TRY IT:
The goal here is an exact copy of the entries below, without their pictures.

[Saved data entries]
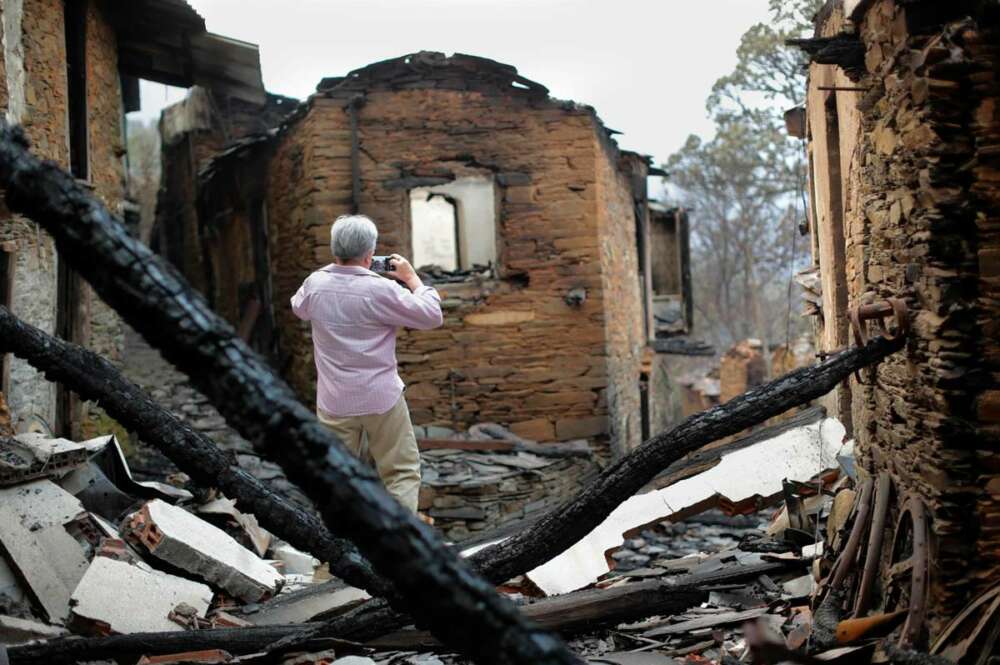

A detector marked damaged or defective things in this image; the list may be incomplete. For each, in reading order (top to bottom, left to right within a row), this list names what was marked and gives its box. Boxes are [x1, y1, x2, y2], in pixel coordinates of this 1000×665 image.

charred wooden beam [788, 33, 868, 81]
charred wood plank [0, 123, 580, 664]
burnt beam leaning [0, 123, 580, 664]
charred wooden beam [0, 124, 580, 664]
broken concrete block [0, 434, 88, 486]
charred wooden beam [0, 304, 390, 600]
charred wood plank [0, 304, 390, 600]
broken concrete block [0, 612, 69, 644]
broken concrete block [0, 480, 90, 620]
broken concrete block [70, 556, 213, 632]
broken concrete block [128, 498, 286, 600]
broken concrete block [272, 540, 318, 576]
charred wood plank [7, 560, 788, 664]
charred wooden beam [7, 560, 788, 664]
rusty metal object [828, 474, 876, 588]
rusty metal object [856, 470, 896, 616]
rusty metal object [888, 492, 932, 648]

FINISHED TASK:
A detector marked damaged or defective things in this image; the list may be incomplete. For each, in reading order (top to bottom, left to right within a row), this list names what was marked and gives its box. Boxes are [x1, y1, x2, y2], in pixel coordinates of this 1000×665 image.

charred wooden beam [788, 33, 868, 81]
charred wood plank [0, 123, 580, 664]
burnt beam leaning [0, 123, 580, 664]
charred wooden beam [0, 124, 580, 664]
broken concrete block [0, 434, 88, 486]
charred wooden beam [0, 304, 390, 600]
charred wood plank [0, 304, 390, 600]
broken concrete block [0, 612, 69, 644]
broken concrete block [0, 480, 90, 620]
broken concrete block [70, 556, 213, 632]
broken concrete block [128, 498, 286, 600]
broken concrete block [272, 540, 318, 576]
charred wood plank [7, 560, 788, 664]
charred wooden beam [7, 560, 788, 664]
rusty metal object [828, 474, 876, 588]
rusty metal object [856, 470, 896, 616]
rusty metal object [888, 492, 932, 648]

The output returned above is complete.